O relatório poderá pedir esclarecimentos apenas para o Ministério da Economia, a fim de que a pasta recomende ao presidente o veto do Orçamento aprovado pelo Congresso. É maior, contudo, a possibilidade de que o documento também aponte indícios de irregularidades e solicite a manifestação da Casa Civil, o que deixará Bolsonaro mais exposto.

Juridicamente, a sanção do Orçamento é considerada um ato de gestão, visto que os gastos começam a ser executados imediatamente após o aval presidencial. Se uma lei é aprovada e sancionada com base em previsões fraudulentas de despesa, pode-se incorrer em crime.

Acontece que os parlamentares, ao menos em tese, podem gozar da imunidade material, que os isentaria de qualquer punição pelos votos que aprovaram o Orçamento. O presidente da República, alertam os técnicos, não dispõe do mesmo benefício.

Se vetar o Orçamento, Bolsonaro ampliará imensamente a crise com o Congresso, que em menos de duas semanas já conseguiu derrubar os ministros da Saúde e das Relações Exteriores.

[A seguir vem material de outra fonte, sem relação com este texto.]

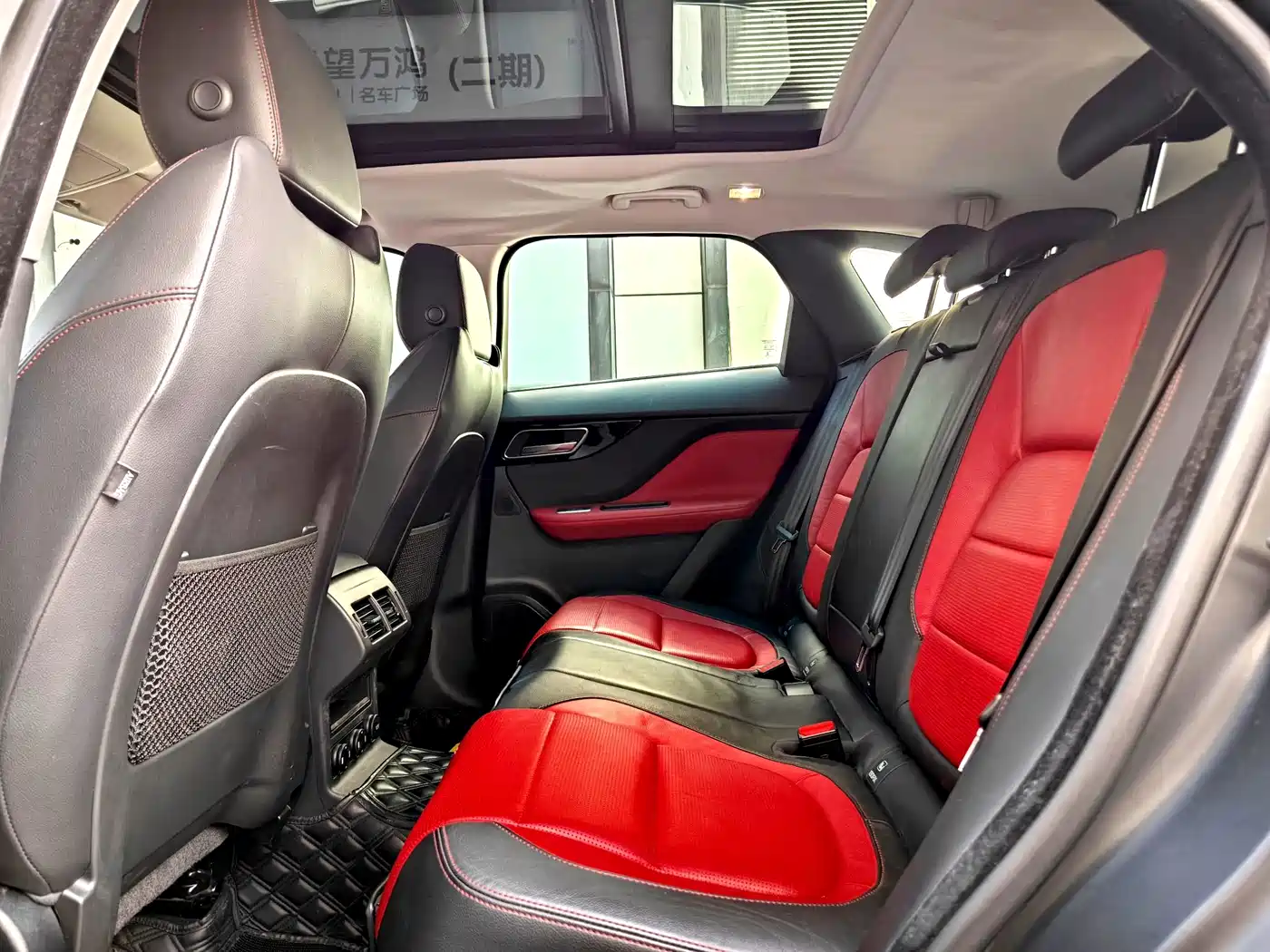 Фото 11 - Jaguar F-PACE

Se sancionar a peça, poderá ter as contas rejeitadas e ser acusado de crime de responsabilidade.

Nos corredores do TCU, muitos atribuem ao ministro Paulo Guedes a culpa pela encruzilhada em que o presidente se meteu. Isso porque a situação poderia ter sido evitada caso o ministro tivesse aceitado a ideia de tirar o Bolsa Família do teto de gastos, o que não aconteceu.

“Com o benefício fora, a repercussão seria negativa no mercado, mas não estaríamos discutindo a prática de ilegalidades”, alertou uma pessoa que acompanha o processo de perto. “O Congresso aprovou o Orçamento com base em estimativas irreais do governo, que agora terá que arcar com as consequências”, completou a mesma fonte.